NOTE 1 Ideally, tube samplers cause as little remoulding and disturbance as possible when forced into the ground. However, BS EN ISO 22475-1:2006, Table 2 indicates that quality Class 1 samples from an open-tube sampler are normally only achievable with a thin-walled type.

NOTE 2 The tube design controls the degree of disturbance. The sampling procedure (see 25.4.2) is also an important factor in controlling sample disturbance. General geometry

The open-tube samplers should conform to BS EN ISO 22475-1.

NOTE 1 BS EN ISO 22475-1 requires a length to diameter ratio of less than 20; commonly used samplers in the UK fulfil this requirement. The most common samplers are about 450 mm long and nominally 100 mm in diameter. Smaller diameter samplers (about 50 mm or 75 mm and generally of the type where the cutting shoe is not detachable) are also used in the UK.

NOTE 2 The longest sample tube in general use in the UK is 1 m (for an hydraulic piston sampler, see 25.5). For a 100 mm diameter tube this is still comfortably within the BS EN ISO 22475-1 length to diameter ratio criterion. Detailed geometry

The cutting shoe, if used, should be of a design similar to that shown in Figure 1 and BS EN ISO 22475-1:2006, Figure 4. The cutting shoe (or sharpened edge) should embody the following features (see BS EN ISO 22475-1:2006, 3.3.11, 3.3.12, Figure 1 and

  • a) Edge taper angle. For a thin-walled sampler this should not exceed 5 degrees. However, close to the cutting edge the angle should be increased to 20 degrees or 30 degrees in order to avoid an easily damaged feather edge (see Hvorslev, 1948 [28] and some figures in BS EN ISO 22475-1:2006, Annex C).
  • b) Area ratio. The area ratio represents the volume of soil displaced by the sampler in proportion to the volume of the sample (see Figure 1). It should be kept as small as possible consistent with the strength requirements of the sample tube. For a thin-walled sampler it should be less than 15%.
  • c) Inside clearance. The internal diameter of the cutting shoe, D1, should be slightly less than that of the sample tube, D3, to allow for slight elastic expansion of the sample as it enters the tube, reducing frictional drag from the inside wall of the tube and helping to retain the sample. A large inside clearance should be avoided since it would permit the sample to expand, thereby increasing the disturbance. For a thin-walled sampler it should be less than 0,5%.

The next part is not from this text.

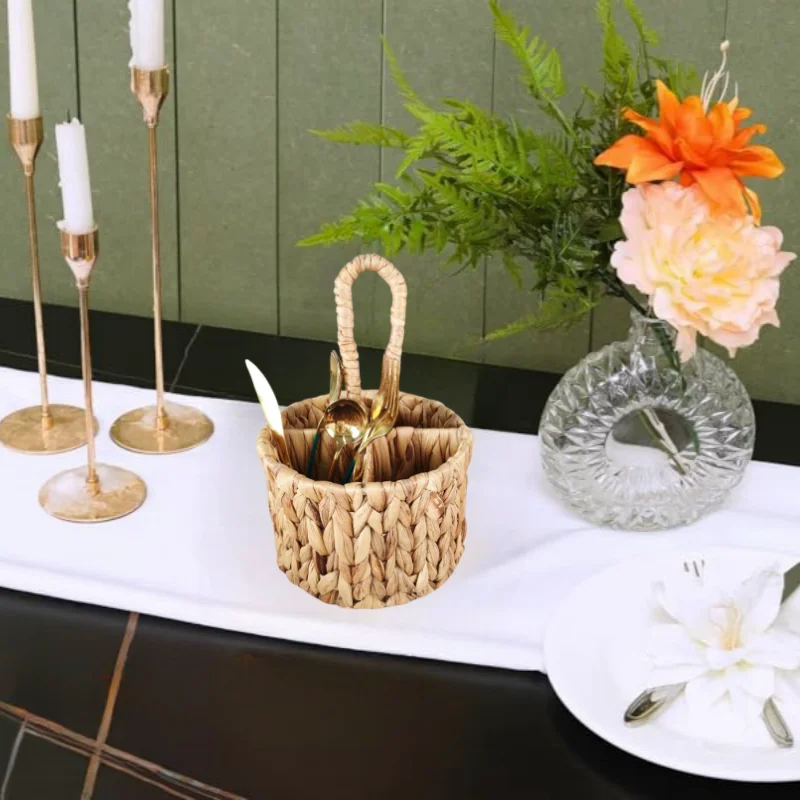 Rattan Wicker Storage Basket Hand Woven Flatware Organizer Round Storage Box Water Hyacinth Storage Basket Cutlery Holder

NOTE In addition to a) and b) above, BS EN ISO 22475-1:2006, allows for taper angles of between 5 degrees and 15 degrees and an area ratio of up to 25% but only if it can be demonstrated that the sample quality class is not affected. It also notes that for area ratios exceeding 15% the angle of the cutting edge decreases as the wall thickness increases

Outside clearance is defined in BS EN ISO 22475-1:2006, 3.3.13 but no quantitative criteria are set. The outside diameter of the cutting shoe should be kept to a minimum, without being less than the outside diameter of the sampler. Wall friction

In addition to a suitable inside clearance (see, wall friction should be reduced by maintaining a clean, smooth finish to the inside of the tube. A lubricant may be used within the sampler but it should not change the character of or contaminate the sample or the ground.

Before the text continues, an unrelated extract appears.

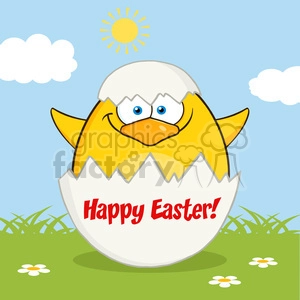 8624 Royalty Free RF Clipart Illustration Surprise Yellow Chick Cartoon Character Out Of An Egg Shell Vector Illustration With Text And Background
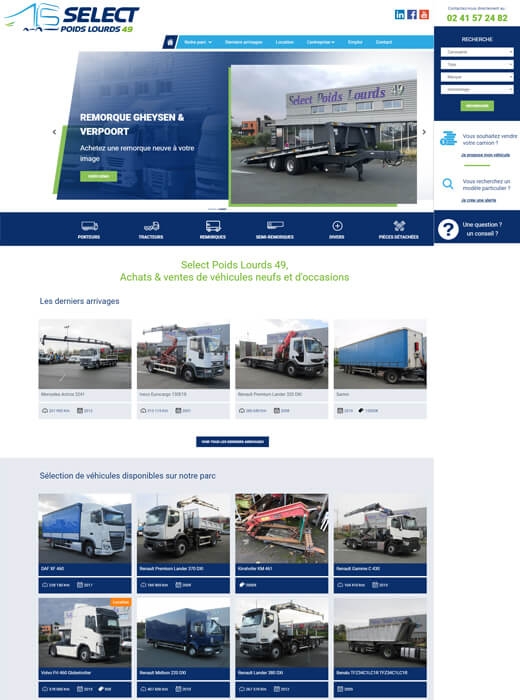 Kagency Nantes a assuré la création du nouveau site web de Select Poids Lourds Angers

Figure 1 Basic details of open-tube sampler
Basic details of open-tube sampler


  • 1 Connection to boring rods or sliding hammer
  • 2 Non-return valve with ports having a cross-sectional area sufficient to allow free exit of water and air above sample
  • 3 Overdrive space
  • 4 Sample tube
  • 5 Screw socket
  • 6 Cutting shoe
  • 7 Core catcher
  • D1 ID cutting shoe
  • D2 OD cutting shoe
  • D3 ID sample tube
  • D4 OD sample tube Non-return valve

The non-return valve should have a large orifice to allow air and water to escape quickly and easily when driving the sampler, and a seal to assist in retention of the sample when removing the sampler from the borehole.

25.4.2 Sampling procedure


BS EN ISO 22475-1:2006, gives a procedure for sampling with an open-tube (and a piston) sampler.

Before a sample is taken, the bottom of the borehole or surface of the excavation or heading should be cleared of loose or disturbed material as far as possible.

NOTE 1 Some or all of any such loose or disturbed material that is left normally passes into the overdrive space of the sampler.

Below the water table, certain types of soils occurring below the bottom of the borehole or excavation might be disturbed if the natural water pressure exceeds the pressure imposed by the water within the borehole or excavation. To reduce this effect, the level of the borehole water should be maintained above the groundwater level appropriate to the location of the sample.

The sampler should be advanced into the ground by a continuous static thrust or by dynamic means (using a drop weight, sliding hammer or percussive head). With a static thrust, the sampler advance should be made in one continuous motion.

NOTE 2 Static thrust can be achieved by pushing with the rig (where it is equipped with a suitable hydraulic thrust mechanism), or by an independent hydraulic jack or block and tackle.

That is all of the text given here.